# How much should I pay my helper???



## Ken (Oct 11, 2000)

This last storm in Kansas City I hired a helper to assist me in getting all my driveways done. All he did was operate my snowblower and I drove him around in my truck to each driveway. I plowed with my tractor and he did the sidewalks.

The snowblower is a very heavy full size model and the person that assisted me is already fulltime employed. This was just extra money for him. I paid him $15 an hour and was curious if that is on the high or low side of the norm.

Thanks, Ken.


----------



## Trimline (Jan 19, 2001)

Seems a little steep to me. Is this under the table? He is using your equipment, he is just an employee with nothing invested in the company. If it was me, I would try to find some neighborhood kid that would snowblow all day for 6 bucks an hour and love every minute of it.


It's all about money!


----------



## columbiaplower (Feb 16, 2000)

12$ an hour for my sidewalk crew


----------



## 4 Saisons (Dec 27, 2000)

search under salary and helper.


----------



## 1st impressions (Jan 6, 2001)

My average pay for summer help is $9.00-10.00/hr. My feeling
is that you need to create an incentive for this worker to
be on call 24/7 (especially when he is getting called out at
3:00a.m.) Extra $5.00/hr seems like a small price to pay if they are dependable.

Just my 2 cents!


----------



## bam (Jan 14, 2001)

Our hourly employees receive $12/hr for snow removal, whether they're shoveling, snow-blowing, operating an atv, or spreading salt. Temporary help, also receives 12/hr. Salaried employees get screwed except at nights and weekends when we receive somewhere around 10-12 an hour on top of our reg. paycheck.


----------



## Yardworks (Aug 28, 2000)

If he's good, probably worth it. If you want him to keep helping a good wage will keep him coming back.


----------



## Plowboy (Jan 19, 2001)

speaking as someone who got into snow removal by running somone elses snow blower, i was paid 10 an hour flat rate. I feel like your rate is definitly fair to you andd your employee, since he is most likely working because he wants extra money you have to pay him enough so he doesn't get sick of being out at all hours in inclement weather. after 50 plus hours in one storm using a blower, garden tractor with blade and leading the side walk crew, I decided it was to to pack it in and go to work for my self for 65-150 dollers an hour for my truck and v-plow instead of working fo someone else. so In short you sould like the kind of person I wished I had been working for. I pay shovelers that help me 15 an hour just to run an 18 insh scoop shovel and push a small salt spreader.


----------



## Rooster (Dec 13, 1999)

Ken,
One guy I plow for starts shovelers at $18.00 in Overland Park, Ks. Your rate is not out of line.

Consider:

What time you start, how long you work, temp etc.

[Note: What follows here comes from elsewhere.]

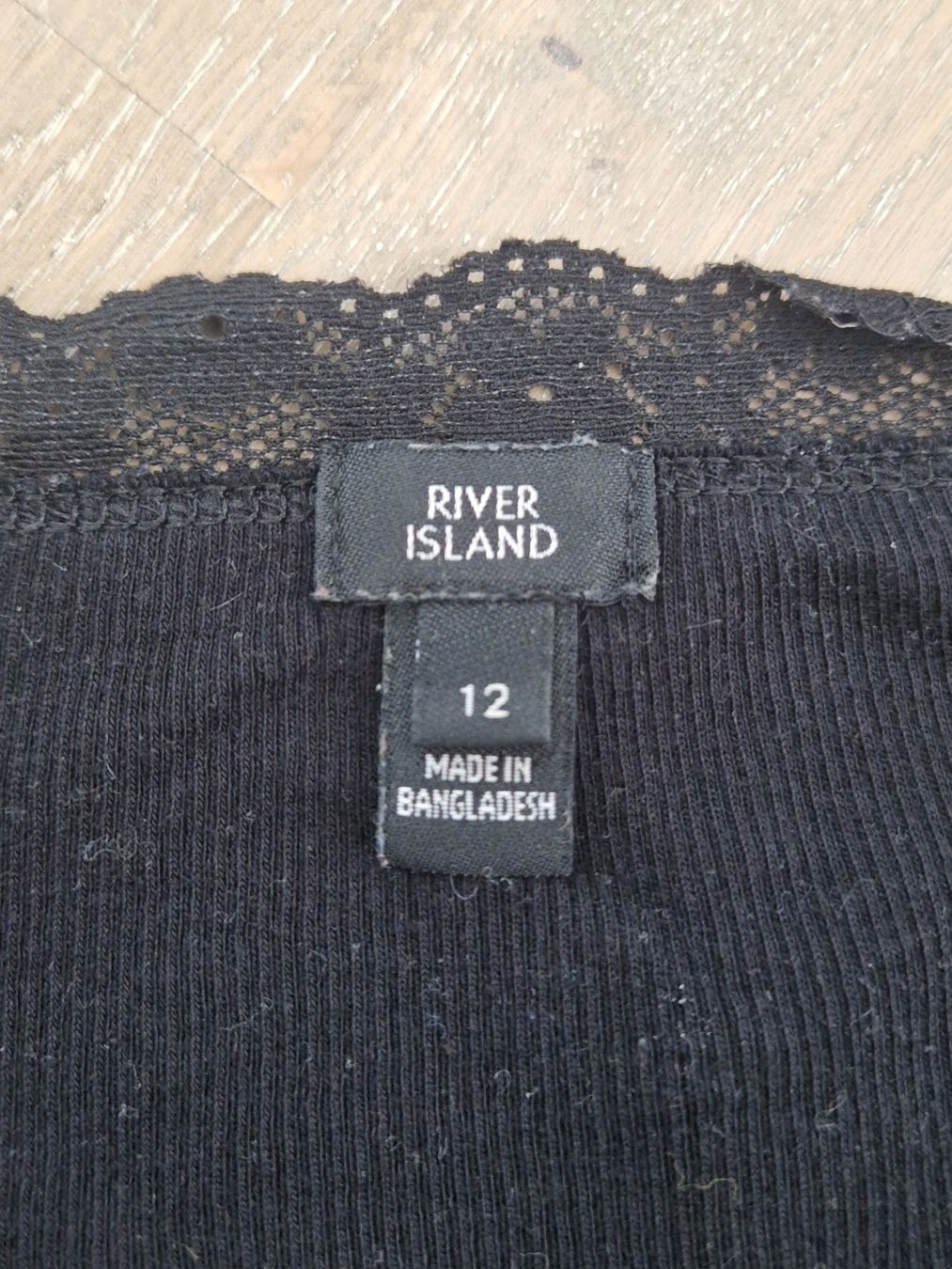 Maglioni & Felpe: Schwarzes Langarmshirt mit V-Ausschnitt – Usato da Däniken SO venduto da Bamana11 1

When snow has been in Overland Park, the temp can get pretty cold as it has in the past.

If you want to plow some lots send me an email, I'll see what I can do for you?

Rick


----------



## Mark Oomkes (Dec 10, 2000)

Maybe I'm lazy or soft or both, but I wouldn't get out of bed for anything less than $15/hr to do walks. Crappy weather, rotten time of the day, etc. And keeping a good employee. Not out of line for our area, especially with our unemployment rate.


----------



## Chuck Smith (Dec 30, 1999)

I must be the craziest of all. I paid my helper $10 per house, and $20 per commercial account. One commercial he got $50 for. Seems steep, but in 5 years, he never missed a storm, no matter what time, or what day. No matter what the conditions were, he did his job. Keep in mind the prices in my market are high compared to many other markets. Also keep in mind, he has been a friend for 20 yrs +, and we were a "2 man show". I never had to tell him to go back over anything, and knew he would work diligently when unsupervised. I wish I still had him, but he got a job that requires him to work for a competitor during the winter months. It must be a real jab to the competition when he would be out there with one of my jackets with my logo on it! And the competition pays him straight time, hourly. Needless to say, much less for his efforts than when he worked for me.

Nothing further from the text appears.